The Riemann Geometry of Space and Gravitational Waves With The Spin $s=1$

TL;DR

This paper explores the Riemann tensor's role in describing gravitational waves, proposing that inhomogeneous media can generate s=1 gravitational waves, expanding the traditional understanding limited to s=2 waves.

Contribution

It introduces a novel perspective that the Weyl tensor describes gravitational waves with spin s=1, differing from the conventional s=2 waves, and links this to inhomogeneous matter media.

Findings

Weyl tensor can describe s=1 gravitational waves.

Inhomogeneous media can generate s=1 gravitational waves.

Introduces tensor K_{ik} as an antisymmetric analog to Ricci tensor.

Abstract

It is taken into account that not the Ricci tensor ${R_{il}}$ (Einstein equation), but the Riemann tensor ${R_{iklm}}$ provides the most general description of the space geometry.
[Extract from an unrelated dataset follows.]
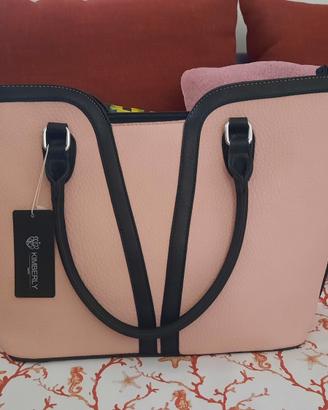 Borsa a mano e a tracolla nuova con etichetta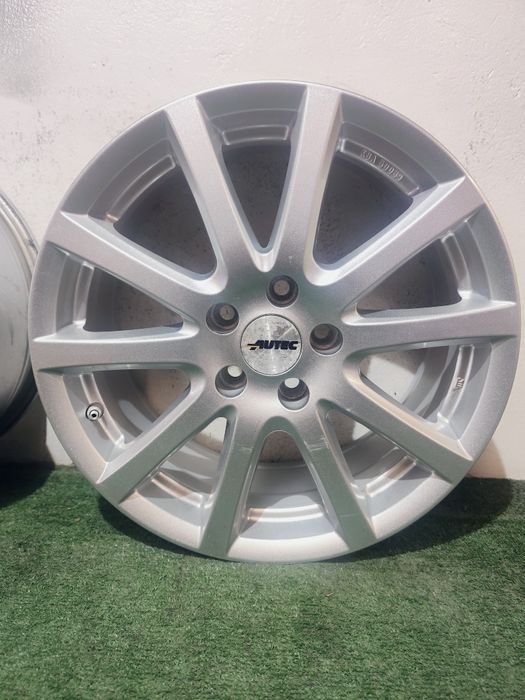 Felgi aluminiowe Autec 17" 7.5J et51 5x108 Ford Volvo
If ${{R_{il}}=0}$ (the space empty with matter, but it can be occupied by gravitational waves) then ${{R_{iklm}}={C_{iklm}}} $ . The tensor ${C_{iklm}}$ is the Weyl tensor, which disappears by conversion:${{R_{il}}={g^{km}}{R_{iklm}}}$ and we lose all information about the space structure, which is described by ${C_{iklm}}$ .The symmetry of ${R_{il}}$ provides the existents of gravitational waves with the spin s=2. We show that ${C_{iklm}}$ describes gravitational waves with s=1. Such gravitational waves can be created in inhomogeneous media, where the selected directions are determined by derivates of the energy-momentum tensor ${T^m}_{i,k}$ of matter. It is taken into account that gravitation is described not only by the metric tensor $g^{ik} = (1/2)(\gamma^i \gamma^k + \gamma^k \gamma^i)$, but also by the anti-symmetric tensor $\sigma^{ik} = (i/2)({\gamma^i}{\gamma^k} - {\gamma^k}{\gamma^i})$, where ${\gamma^k}(x)$ are Clifford matrices. We show that the tensor ${K_{ik}} = (1/4){\sigma^{lm}} {R_{iklm}}$, is the anty-simmetric analog to the Ricci tensor. The ${K_{lm}}$ describes various kinds of space metrics, not described by the Ricci tensor. It includes the Weyl tensor ${C_{iklm}}$, because $\sigma^{lm} {C_{lmik}}$ is not zero.